Character literals are always placed between single quotes (e.g. ‘g’, ‘1’, ‘ ’).

Char

The char data type is a tailor-made to store single characters. A character, in this context, can be any single letter, digit, symbol, or even whitespace. Unlike integers and floating-point numbers, char is singular in focus, aiming to capture the essence of individual characters.

char myChar1 = 'A';
char myChar2{ 'a' }; // initialize with code point for 'a' (stored as integer 97) (preferred)

You can initialize chars with integers as well, but this should be avoided if possible.

char ch2{ 'a' }; // initialize with code point for 'a' (stored as integer 97) (preferred)

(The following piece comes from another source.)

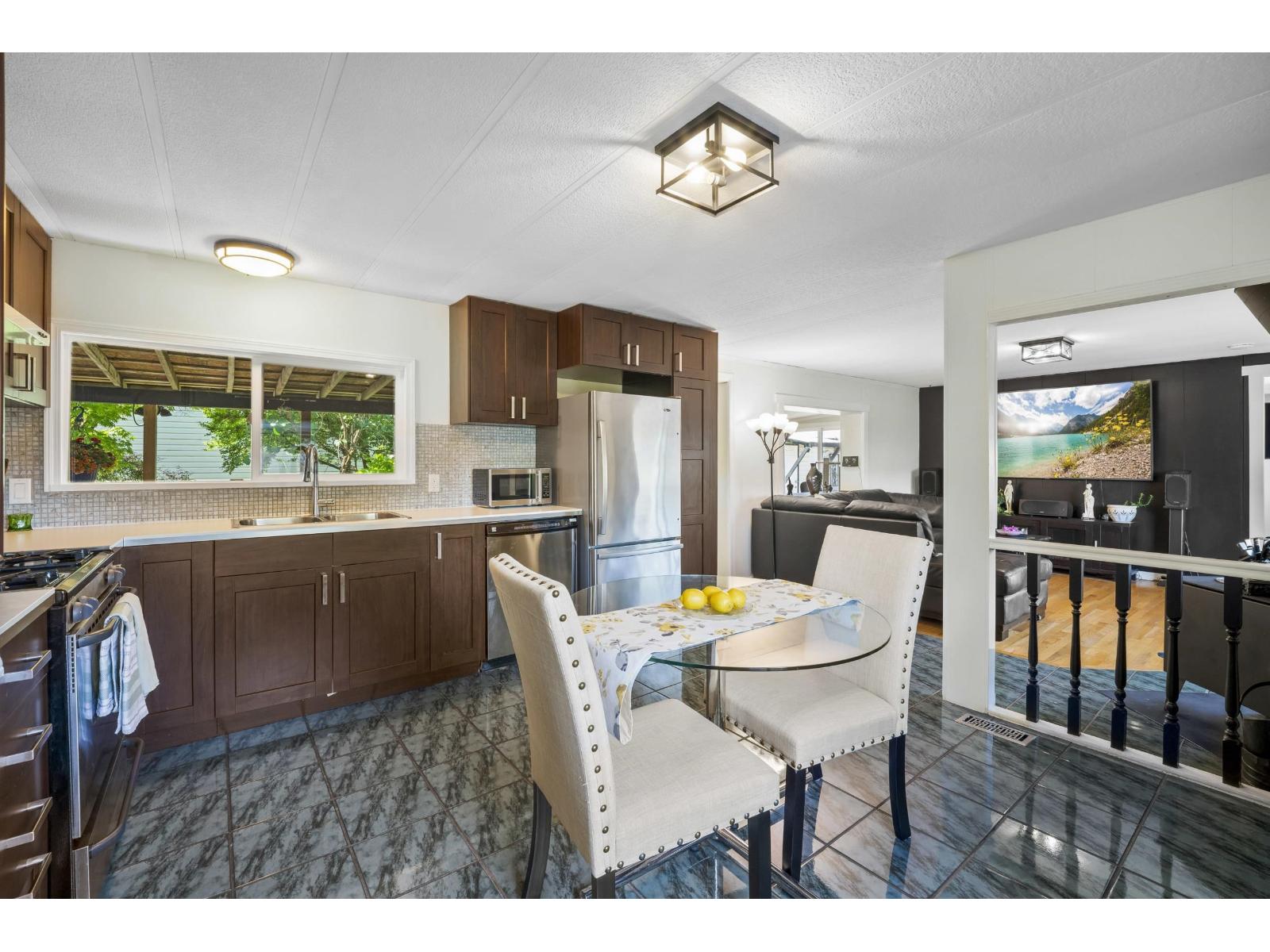 112 10221 Wilson Street, Mission, British Columbia  V2V 6H5 - Photo 11 - R3124295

Be careful not to mix up character numbers with integer numbers. The following two initializations are not the same:
char ch{5}; // initialize with integer 5 (stored as integer 5)
char ch{'5'}; // initialize with code point for '5' (stored as integer 53)

ASCII and Unicode Representation

The char data type is usually used to store ASCII values. Each ASCII character is represented by an integer between 0 and 127. For example:

CharacterASCII Value
'A'65
'a'97
'0'48
' ' (space)32

When you assign a character like 'A' to a char variable, the system stores the ASCII value 65.

Example:

// In C
#include <stdio.h>

int main()
{
  char ch = 'A';
  printf("%d", ch);
  return 0;
  
}


// Output

65
// In C++
#include <iostream>

using namespace std;

int main()
{
  char ch = 'A';
  cout << (int)ch;
  return 0;
  
}

// Output
65

Printing chars

When using std::cout to print a char, std::cout outputs the char variables as an ASCII character:

#include <iostream>

int main()
{
    char ch1{ 'a' }; // (preferred)
    std::cout << ch1; // cout prints character 'a'

    char ch2{ 98 }; // code point for 'b' (not preferred)
    std::cout << ch2; // cout prints a character ('b')


    return 0;
}

// Output
ab

We can also output char literals directly:

std::cout << 'c';

// Output
c

Inputting chars

The following program asks the user to input a character, then prints out the character:

#include <iostream>

int main()
{
    std::cout << "Input a keyboard character: ";

    char ch{};
    std::cin >> ch;
    std::cout << "You entered: " << ch << '\n';

    return 0;
}

// Output
Input a keyboard character: q
You entered: q

Char size, range and default sign

Char is defined by C++ to always be 1 byte in size. By default, a char may be signed or unsigned (though it's usually signed). If you are using chars to hold ASCII characters, you don't need to specify a sign (since both signed and unsigned chars can hold values between 0 and 127).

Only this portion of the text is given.